This is my brother's home photographed with an advanced old box.
It looks like any old wooden box camera from too long ago to care about. But reader(s) of this blog know that the light shines brightly on the odd stuff here.
This is a multi-photo device. You load it with up to eight glass plate/negative/paper holders which are then exposed in succession before you take them out (in the dark) to develop the photographs. [Someone on Instagram called it a 'falling plate camera' or a 'detective camera'. That's something I'd like to know more about.]
On the front face of the camera is the hole for the lens (which is covered here). The wheel below is the shutter crank.

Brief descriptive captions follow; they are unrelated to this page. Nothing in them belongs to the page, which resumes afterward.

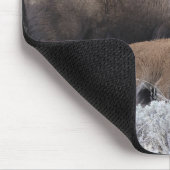 Kuh und Kalb Bison, Gelbstein Mousepad (Ecke)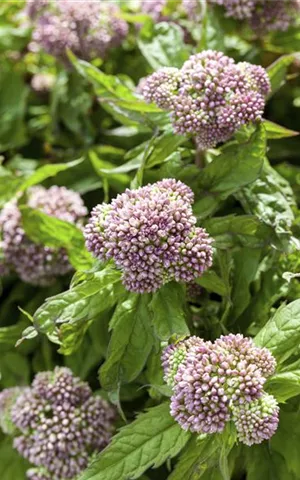 Eupatorium cannabinum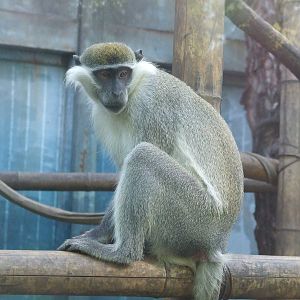 vervet monkey (Chlorocebus pygerythrus)
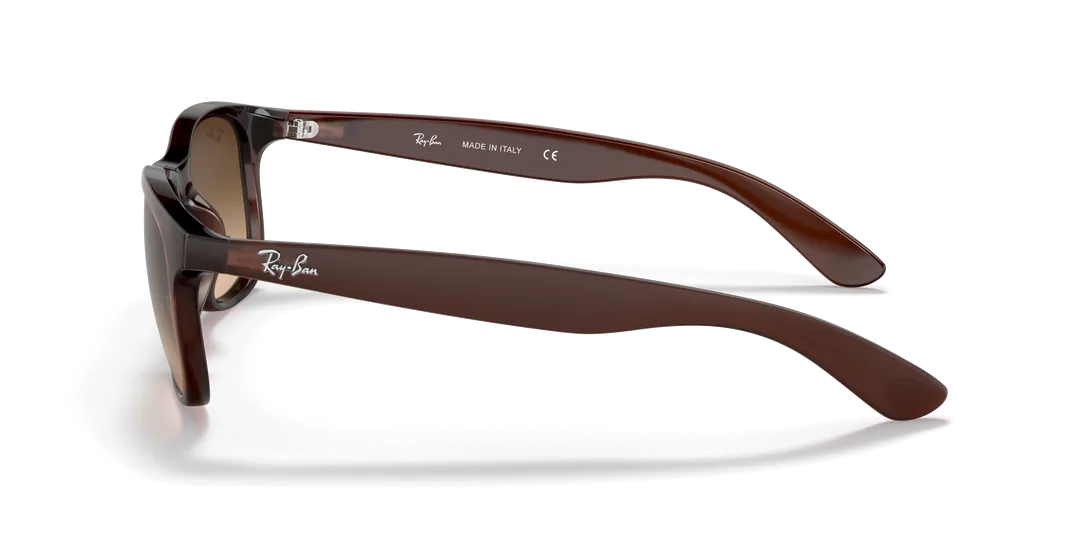 RAYBAN 0RB4202 607313 55 Erkek Güneş Gözlüğü Bu Ürüne Özel 9 Taksit İmkanı Sizinle!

The arm jutting out from it is the aperture control, which is placed in positions f/11, 14, 22 or 36.
Above you see the shutter button, top, and the exposure selector, below. You select between M ~1/60 sec. shutter speed; O which equals Bulb mode - the shutter stays open as long as you press it; and T which, with a press of the shutter button opens the shutter, until you press again to shut it.

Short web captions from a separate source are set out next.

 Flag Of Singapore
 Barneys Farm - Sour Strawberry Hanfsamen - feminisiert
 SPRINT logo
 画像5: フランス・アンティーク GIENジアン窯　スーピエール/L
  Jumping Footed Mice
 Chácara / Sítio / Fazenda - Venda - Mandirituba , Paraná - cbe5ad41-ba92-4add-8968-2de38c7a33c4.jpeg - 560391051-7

The lens has fixed focus, and requires objects somewhere at 4 meters and beyond if you want sharp photographs.
This glass plate sat inside the camera. The photographer did a good job, I think, nailing focus, maybe at f/22. The subjects moved though.
Photographing my brother's house, for his fiftieth birthday, I loaded the film holders with Ilford 125ASA film. Exposure is much easier to nail with film!
This one's a bit cropped because I botched up the developing somewhat, creating uneven development in the emulsion. The film is so much easier than the paper to handle in editing. I aim to use the positive paper to make finished originals, but that is easier said than done. Every step of exposure and development is important and one mistake can capsize the finished photo.
Top, you can see the swinging arm that 'reloads' the camera. Inside is a spring that pushes at the film holder, to get them in position. The arm contols the release latch which disconnects the exposed (frontmost) film holder which then falls 'face' first into a compartment.
The viewfinders - there are two - are very good; large and bright (and easily accessed to be cleaned). There are two tripod mounts.